June, 2011

  • June 29, 2011
  • There’s a huge difference between the enterprise world and the social media community.  While there are many signs of life on the social side, the rank and file global one thousand seem for the most part to be clueless.  That’s not an indictment, just a statement of fact and maybe opportunity.

    At the Enterprise 2.0 conference in Boston last week I got an eyeful of the reality.  It’s still very early in this market’s evolution.  The vendors are all lined up including the small innovators and the big companies looking to cash in by being fast followers.  But what’s missing is the numbers of interested companies ready to be saved by the new solutions, a.k.a. customers.  I haven’t witnessed the beginnings of a land rush for social technologies in the big companies that will ensure its success.

    Perhaps everyone is tired and cautious after witnessing in rapid succession the rollouts of enterprise ERP and CRM.  They were both large-scale infrastructure plays that were as necessary to modern business as they were painful to implement.  A few weeks back I posted an article comparing the growth in U.S. GDP and the rise of the information age.  From a baseline of $1.6 trillion in 1975 the GDP has steadily risen to over $14 trillion today.  Other regions of the world have seen similar expansions.

    If it’s not institutional memory holding the market back — and holding back may be too strong a phrase — it could be that people in the enterprise just don’t understand in sufficient numbers yet the only thing that counts.  Maybe too few people see a way for social technologies to help them make money.  The halls of the Enterprise 2.0 conference were not exactly jammed with pioneers and pilgrims trying to get wise.  But don’t get the wrong idea, the show was in a big place and it was well enough attended to call it a success.  All I am saying is that the stampede has not yet started.

    So what will it take for the avalanche to begin?

    For a long time I’ve been harping on the challenges all companies face in demographic changes and most importantly transportation costs.  As we discover that fuel price fluctuations will adversely affect business we might see greater adoption of social strategies in the biggest companies.

    But that’s asking a lot, here’s why.  Back in May, I was in Chicago for a speech and I noted the high cost of gasoline.  It was approaching five dollars and at the time people were mad about high prices all over the country.  Since then, prices have eased and in many places gas is a relative bargain at less than four dollars.  A few years ago three dollars and change didn’t seem like a bargain but it shows what you can accommodate.

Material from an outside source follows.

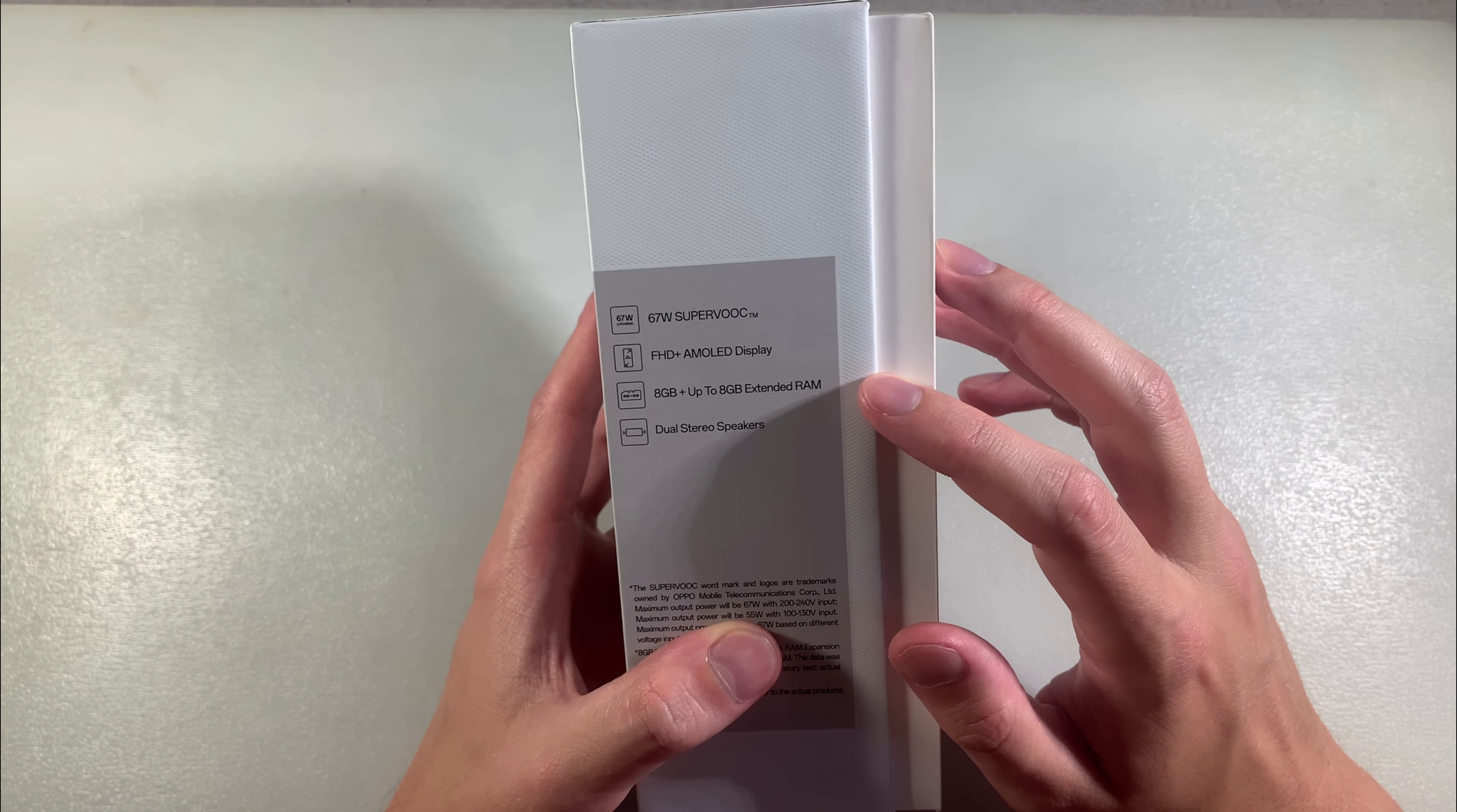The device has a Qualcomm Snapdragon 680 octa-core processor with Adreno 610 GPU. Running AnTuTu benchmark, we have the results here. Now testing with Grand Theft Auto San Andreas.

    Now, this isn’t good news for a couple of reasons.  First, fuel prices mirror economic activity.  When prices are on the rise, it’s because demand is higher due to increased economic activity.  The reverse is also true but it can take many months for the effects to be fully realized as an economic downturn.  This latency is a big problem because it separates cause and effect in many people’s minds.  As fuel prices fall we reap a temporary gain and think that things are returning to normal but we may fail to notice the country simultaneously slip back into recession.  I am not forecasting this, but it’s on my mind.

     

    The second reason for concern is that fuels are transitioning from a cheap commodity to a scarce and expensive one.  Traditionally when this happens there’s a round of inflation and the market adjusts by bringing more supply to bear.  As I’ve written before, that’s not happening.  According to the IEA, global demand is about 90 million barrels per day (mbpd) and supply is 88 mbpd enough of a shortfall to cause the price tightness we see.  Instability in some regions is no help either.  Fuel is becoming more expensive in an absolute sense and that affects business from raw materials to travel.  In a situation where supply is limited a round of inflation will simply breed another round of inflation and in short order, stagnation.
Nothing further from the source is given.